▸ Task details
This task is to restate all of the entries exactly.
#### Records for the exercise ####
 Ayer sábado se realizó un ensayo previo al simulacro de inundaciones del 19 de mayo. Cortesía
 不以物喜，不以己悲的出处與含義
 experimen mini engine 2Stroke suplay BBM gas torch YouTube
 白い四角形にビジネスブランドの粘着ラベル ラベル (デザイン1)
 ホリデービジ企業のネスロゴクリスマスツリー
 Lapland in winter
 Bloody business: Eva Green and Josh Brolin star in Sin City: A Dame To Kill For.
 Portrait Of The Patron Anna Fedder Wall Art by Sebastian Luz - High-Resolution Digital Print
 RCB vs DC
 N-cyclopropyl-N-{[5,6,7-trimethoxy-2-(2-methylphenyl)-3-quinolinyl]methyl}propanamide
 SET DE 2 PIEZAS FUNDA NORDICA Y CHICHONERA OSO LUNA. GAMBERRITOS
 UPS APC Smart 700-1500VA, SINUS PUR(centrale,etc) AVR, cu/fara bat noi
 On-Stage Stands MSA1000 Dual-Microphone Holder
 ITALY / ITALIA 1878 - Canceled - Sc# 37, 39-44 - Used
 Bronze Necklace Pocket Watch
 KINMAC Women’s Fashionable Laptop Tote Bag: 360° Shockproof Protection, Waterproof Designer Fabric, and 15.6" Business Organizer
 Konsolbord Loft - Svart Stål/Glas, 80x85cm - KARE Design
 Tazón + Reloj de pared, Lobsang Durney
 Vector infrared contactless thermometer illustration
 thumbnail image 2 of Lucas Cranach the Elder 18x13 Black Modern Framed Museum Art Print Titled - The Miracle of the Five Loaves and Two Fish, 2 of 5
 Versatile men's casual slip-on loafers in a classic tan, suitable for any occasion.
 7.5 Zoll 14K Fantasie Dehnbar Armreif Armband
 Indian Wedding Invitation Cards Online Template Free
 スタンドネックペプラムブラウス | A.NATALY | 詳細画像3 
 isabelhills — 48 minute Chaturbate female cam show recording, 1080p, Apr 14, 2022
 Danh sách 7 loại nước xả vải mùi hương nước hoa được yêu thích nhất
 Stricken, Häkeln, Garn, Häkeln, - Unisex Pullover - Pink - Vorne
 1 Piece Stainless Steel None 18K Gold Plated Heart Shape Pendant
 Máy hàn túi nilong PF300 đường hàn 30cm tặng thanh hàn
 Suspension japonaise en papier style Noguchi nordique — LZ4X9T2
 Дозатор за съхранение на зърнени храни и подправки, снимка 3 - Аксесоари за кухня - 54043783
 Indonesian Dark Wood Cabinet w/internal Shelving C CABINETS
####
▸ Solution
 Ayer sábado se realizó un ensayo previo al simulacro de inundaciones del 19 de mayo. Cortesía
 不以物喜，不以己悲的出处與含義
 experimen mini engine 2Stroke suplay BBM gas torch YouTube
 白い四角形にビジネスブランドの粘着ラベル ラベル (デザイン1)
 ホリデービジ企業のネスロゴクリスマスツリー
 Lapland in winter
 Bloody business: Eva Green and Josh Brolin star in Sin City: A Dame To Kill For.
 Portrait Of The Patron Anna Fedder Wall Art by Sebastian Luz - High-Resolution Digital Print
 RCB vs DC
 N-cyclopropyl-N-{[5,6,7-trimethoxy-2-(2-methylphenyl)-3-quinolinyl]methyl}propanamide
 SET DE 2 PIEZAS FUNDA NORDICA Y CHICHONERA OSO LUNA. GAMBERRITOS
 UPS APC Smart 700-1500VA, SINUS PUR(centrale,etc) AVR, cu/fara bat noi
 On-Stage Stands MSA1000 Dual-Microphone Holder
 ITALY / ITALIA 1878 - Canceled - Sc# 37, 39-44 - Used
 Bronze Necklace Pocket Watch
 KINMAC Women’s Fashionable Laptop Tote Bag: 360° Shockproof Protection, Waterproof Designer Fabric, and 15.6" Business Organizer
 Konsolbord Loft - Svart Stål/Glas, 80x85cm - KARE Design
 Tazón + Reloj de pared, Lobsang Durney
 Vector infrared contactless thermometer illustration
 thumbnail image 2 of Lucas Cranach the Elder 18x13 Black Modern Framed Museum Art Print Titled - The Miracle of the Five Loaves and Two Fish, 2 of 5
 Versatile men's casual slip-on loafers in a classic tan, suitable for any occasion.
 7.5 Zoll 14K Fantasie Dehnbar Armreif Armband
 Indian Wedding Invitation Cards Online Template Free
 スタンドネックペプラムブラウス | A.NATALY | 詳細画像3 
 isabelhills — 48 minute Chaturbate female cam show recording, 1080p, Apr 14, 2022
 Danh sách 7 loại nước xả vải mùi hương nước hoa được yêu thích nhất
 Stricken, Häkeln, Garn, Häkeln, - Unisex Pullover - Pink - Vorne
 1 Piece Stainless Steel None 18K Gold Plated Heart Shape Pendant
 Máy hàn túi nilong PF300 đường hàn 30cm tặng thanh hàn
 Suspension japonaise en papier style Noguchi nordique — LZ4X9T2
 Дозатор за съхранение на зърнени храни и подправки, снимка 3 - Аксесоари за кухня - 54043783
 Indonesian Dark Wood Cabinet w/internal Shelving C CABINETS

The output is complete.